Emilie, Ikéa, et la gardävu

Daniel Schneidermann - - Le matinaute - 45 commentaires

Elle s'appelle Emilie. Enfin, je ne sais pas si elle s'appelle Emilie. Elle dit s'appeler Emilie sur Twitter. Mais on s'en fiche. Emilie, donc, s'en va chez Ikea avec son père acheter des Tupperware. Elle passe à la caisse-scan express. Mais les Tupperware d'Ikea présentent une particularité : il y a un prix pour le bocal, et un prix pour le couvercle. Il faut scanner les deux. Emilie et son père oublient de scanner les couvercles. La suite, comment cet oubli débouche sur plusieurs heures de garde à vue, je ne vais pas tenter de la raconter. Je la raconterais toujours moins bien qu'elle. Lisez donc la série de tweets d'Emilie (on dit un "thread").

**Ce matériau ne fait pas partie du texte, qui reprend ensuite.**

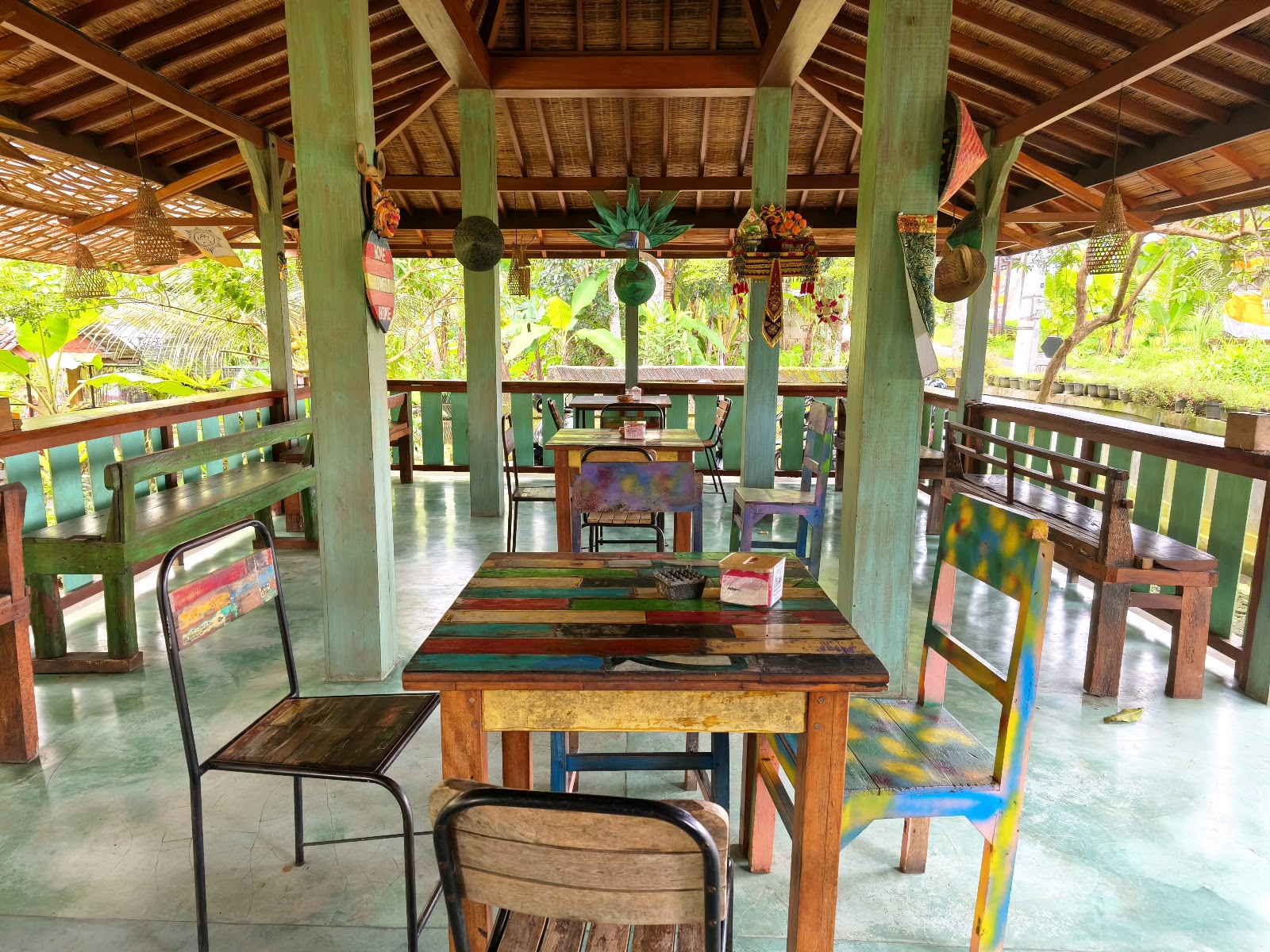 Aldi's Coffee & Eatery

La suite, c'est aussi le parcours ordinaire du "bad buzz" pour la firme d'étagères suédoises en kit. A l'heure où j'écris, le récit d'Emilie a été re-tweeté 40 000 fois, et a récolté 37 000 petits coeurs. Des journaux sérieux, des radios sérieuses, se sont jetées sur la garde à vue d'Emilie. Ikea s'est platement excusée. Elle a assuré qu'en temps ordinaire, quand les clients oublient de scanner les couvercles, elle "privilégiait le dialogue". Elle a condescendu à "retirer sa plainte" (car la firme aux étagères en kit avait porté plainte). Elle a été la cible d'innombrables détournements de talentueux internautes.

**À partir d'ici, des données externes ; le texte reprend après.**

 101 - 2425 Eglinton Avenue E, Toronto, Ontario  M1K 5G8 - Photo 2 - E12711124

Pourquoi je vous raconte l'histoire d'Emilie ? Parce qu'elle me rappelle de très anciens souvenirs. Fut un temps, où on pouvait rêver que dix, cent, mille Emilie, s'emparent du nouveau joujou qui s'appelait Internet. On pouvait rêver qu'Internet, ce soit aussi ça : un instrument d'interpellation du faible, du rien du tout de hall de gare, contre le sur-puissant qui "privilégie le dialogue". Sur ce site, nous avions même créé un dossier : "Internautes, quand ils bousculent les pouvoirs". En le parcourant, je m'aperçois que nous ne l'avons pas nourri depuis avril 2017. Sans doute, sûrement, certaines belles histoires nous échappent-elles. Il faudrait être plus attentifs. Mais aussi, sans doute que les vendeurs, les vociférateurs, les arnaqueurs, les intoxicateurs, de toutes obédiences, se sont emparés du joujou, et y étouffent de leurs vociférations les voix des Emilie, les petites voix qui ne demandent rien d'autre que de raconter, encore éberluées, ces histoires de Tupperware et de gardes à vue, qui sont la vie des rien du tout. Enfin, elles ne les étouffent pas toujours. La preuve. Tiens, dans le même genre, vous pouvez aussi lire l'épopée de collapsologie appliquée de Jean-Noël Lafargue, un de nos invités de cet été. Rien que pour ça, merci Emilie. Enfin, je ne sais pas si elle s'appelle Emilie. Mais on s'en fiche.